« Nos ressources sont de valeur. Maintenons-les ! »
Nouvelles dispositions du paquet de lois « déchets et ressources » dès le 1er janvier 2023
Le 1er janvier 2023, de nouvelles dispositions du paquet de lois « déchets et ressources », publié en juin 2022, entrent en vigueur. Principaux secteurs concernés : grande distribution, Horesca et événementiel. Dans cette interview, Joëlle Welfring, ministre de l’Environnement, du Climat et du Développement durable, rappelle les nouvelles prérogatives et recadre ces dispositions dans le contexte national et européen.
Madame Welfring, depuis la publication du paquet de lois déchets-ressources du 9 juin 2022, et en vue des premières échéances qui arrivent avec la nouvelle année, comment le ministère a-t-il préparé l’application des nouvelles dispositions ?
« Après mon entrée en fonction et afin de faire le point sur la mise en œuvre de la Loi déchets-ressources, j’ai tenu, avec mon cabinet, plusieurs réunions de concertation avec les représentants des secteurs économiques concernés. Plus spécifiquement, nous nous sommes échangés avec la Confédération luxembourgeoise du commerce, la Fédération des artisans et les organismes agréés comme Valorlux, Ecotrel ou Ecobatterien sur les dispositions qui entrent en vigueur au 1er janvier 2023. D’autres échanges avec des acteurs clés sont prévu pour début 2023.
Mes services ont ensuite travaillé sur les sujets spécifiques qui ont été identifiés lors de ces réunions. Nous avons, par exemple, organisé des workshops sur les infrastructures à prévoir dans les supermarchés ou encore élaboré une guidance pour la mise en œuvre pour le secteur de la restauration. »
Le secteur de la distribution alimentaire a émis quelques réserves par rapport aux nouvelles infrastructures de collecte à mettre en œuvre dans les supermarchés ?
« En effet, il y a une forte crainte de la part des supermarchés du pays concernant la complexité de mise en œuvre des nouvelles dispositions. En pratique, les supermarchés de 400 m2 ou plus prévoient l’installation d’un point de collecte d’emballages à la sortie des caisses, ceci à partir du 1er janvier 2023. Dès janvier 2024, les points de vente alimentaire de plus de 1.500 m2 devront disposer d’infrastructures de recyclage.
Il y a une forte crainte de la part des supermarchés du pays concernant la complexité de mise en œuvre des nouvelles dispositions
Nous avons discuté avec les acteurs concernés, plus particulièrement la FLAD (Fédération luxembourgeoise de l’alimentation et de la distribution) et nous sommes parvenus à trouver une approche partagée qui se concrétisera à travers un projet à réaliser en 2023. Ce projet permettra de nous guider vers la date de mise en œuvre et d’affiner les aspects organisationnels et financiers des infrastructures visées. »

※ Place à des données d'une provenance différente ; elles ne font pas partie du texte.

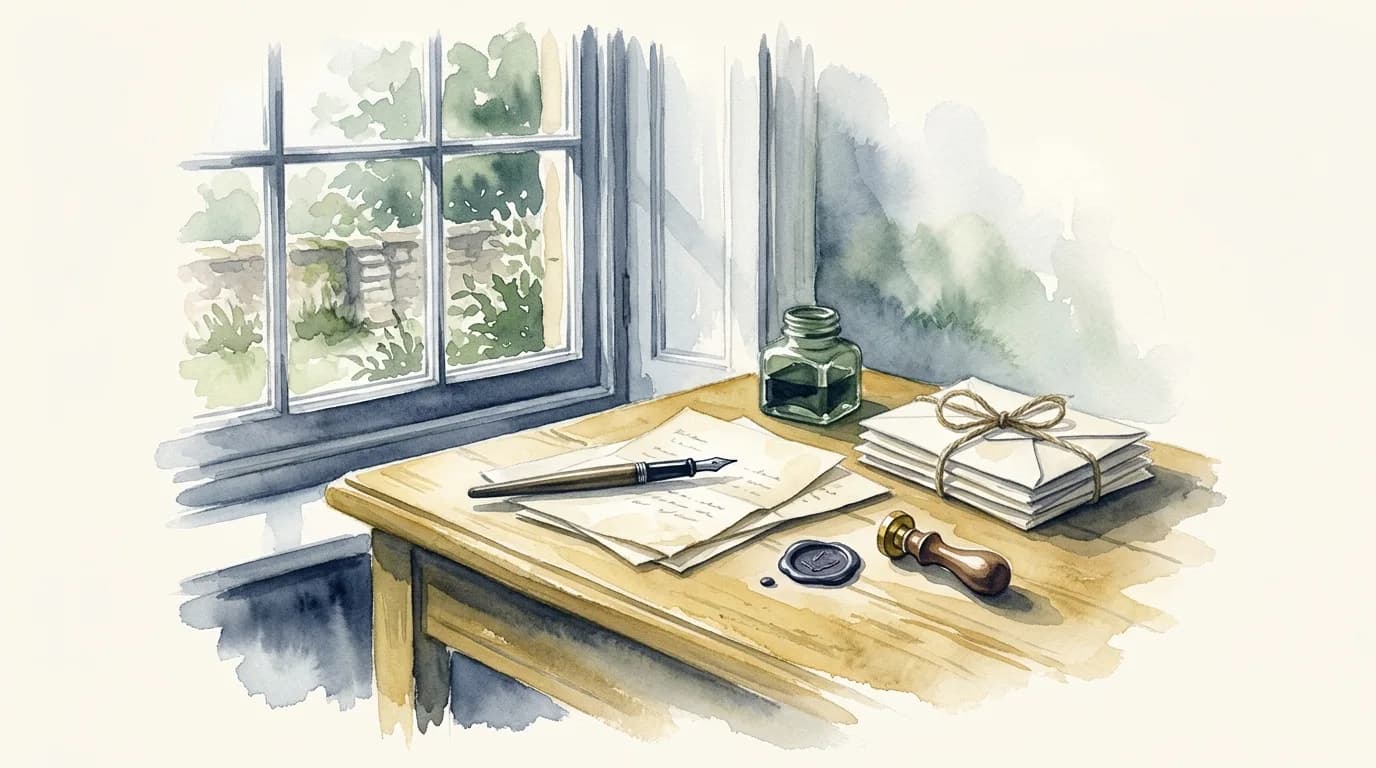 Watercolour still life of a writing desk with fountain pen, sealed letters and envelopes tied with string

Les emballages en plastique des fruits et légumes en petite quantité sont-ils sur le point de disparaître ?
« Pour certains types de produits, oui ! La disposition concernant les emballages à usage unique des fruits et légumes sera mise en œuvre à partir du 1er juillet 2023. Bon nombre de ces produits sont importés et nous devons donc tenir compte des chaines logistiques dans les pays d’origine. Il s’agit d’un sujet qui requiert notre attention afin de nous assurer que la mise en œuvre sera réussie. »
L’Horesca va également devoir s’adapter et réduire les emballages jetables dès le 1er janvier. Quelles sont les principales règles les concernant ?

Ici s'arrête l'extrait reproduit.